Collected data
════════

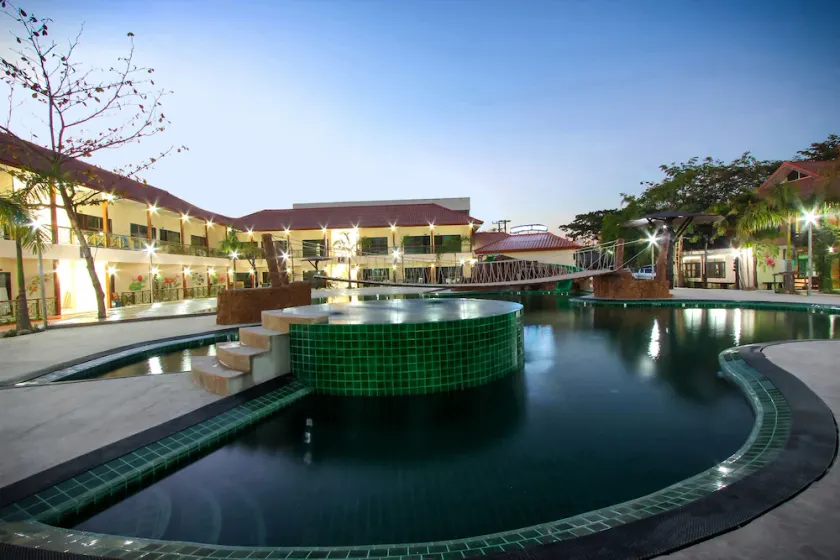 Woodfield Resort - Image 1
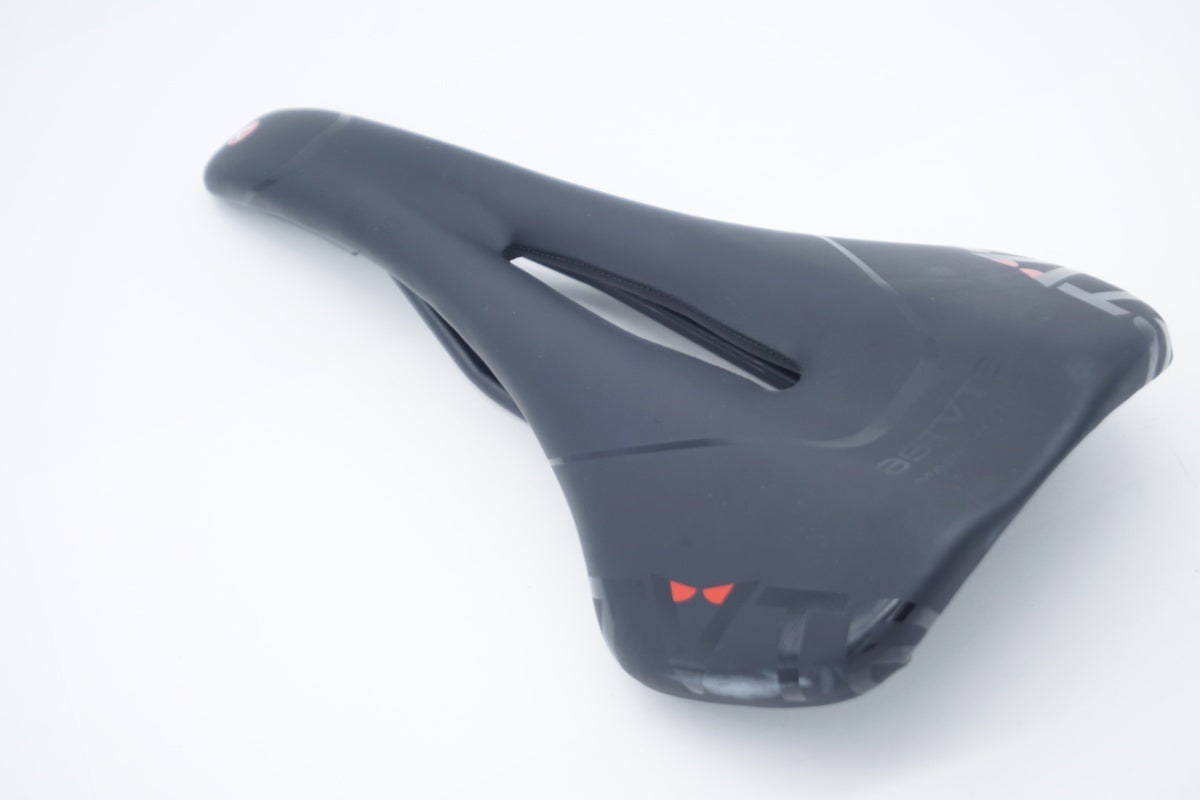 ASTUTE 「アスチュート」 STAR サドル / 滋賀大津店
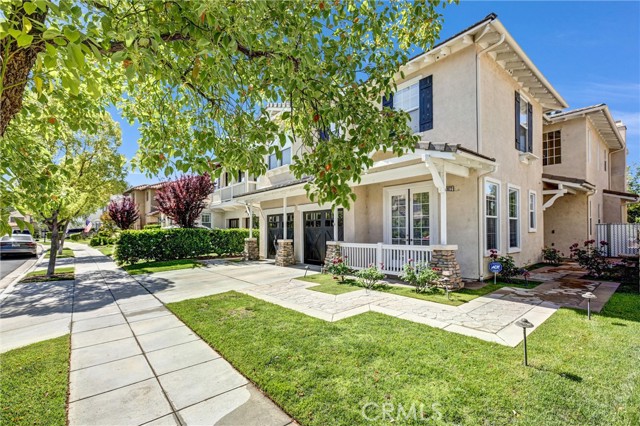 Detail Gallery Image 2 of 38 For 23922 Lakeside Rd, Valencia,  CA 91355 - 3 Beds | 3 Baths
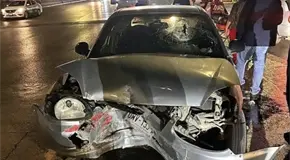 Choca contra muro al ingresar al distribuidor Ju&aacute;rez; hay un lesionado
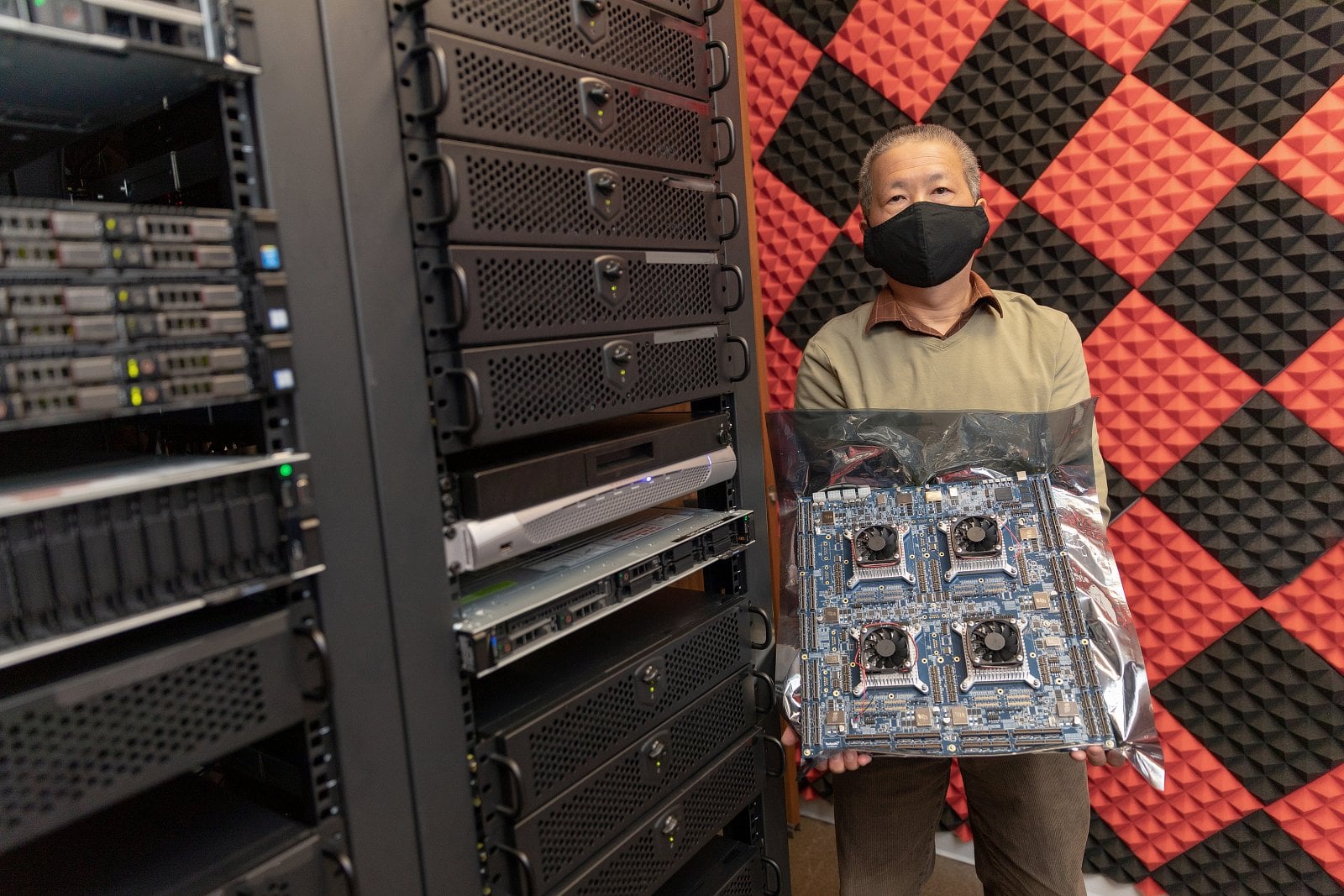 Chi To, ředitel pro solutions engineering v Tachyum, s FPGA prototypem procesoru Prodigy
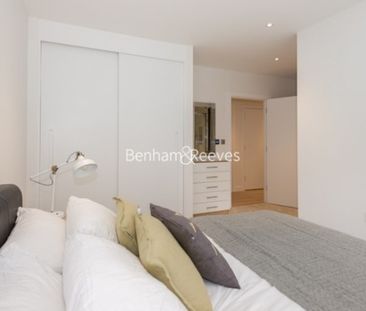 2 Bedroom flat to rent in Heritage Place, Brentford, TW8 - Photo 3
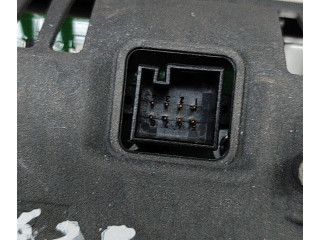 Дисплей    A2129018005, A2129027305   Mercedes-Benz CLS C218 X218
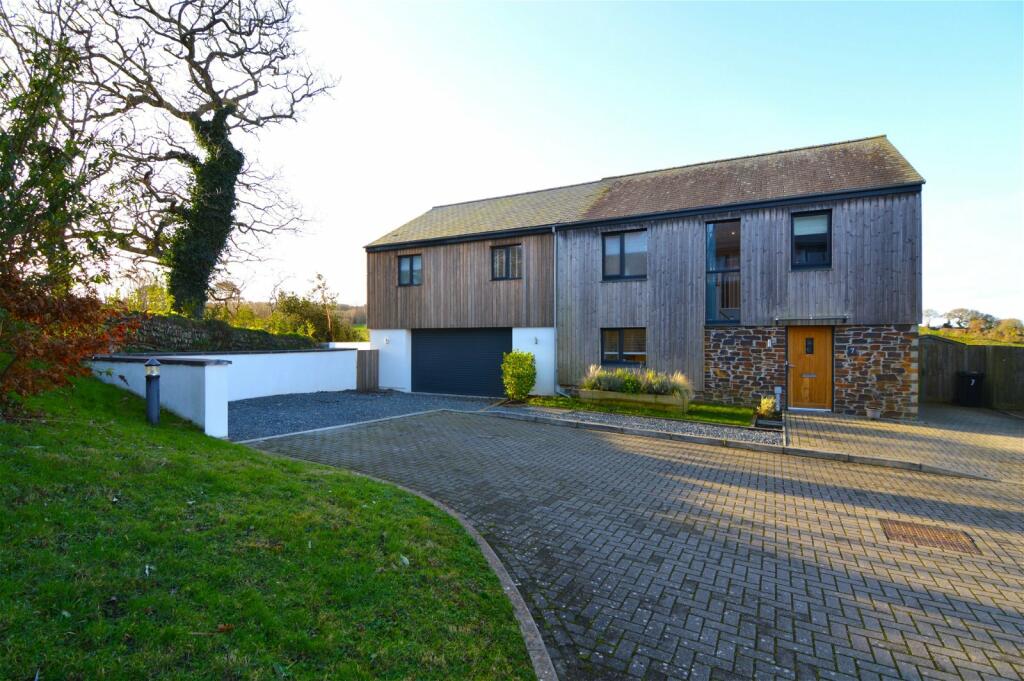 5 bedroom detached house for sale in Pennance Field, Falmouth, TR11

════════

Quote exactly, and only, the lines from the line containing "2 Bedroom flat" through the final line of the records above, both included, omitting any pictures.

▸ **Answer area**:
 2 Bedroom flat to rent in Heritage Place, Brentford, TW8 - Photo 3
 Дисплей    A2129018005, A2129027305   Mercedes-Benz CLS C218 X218
 5 bedroom detached house for sale in Pennance Field, Falmouth, TR11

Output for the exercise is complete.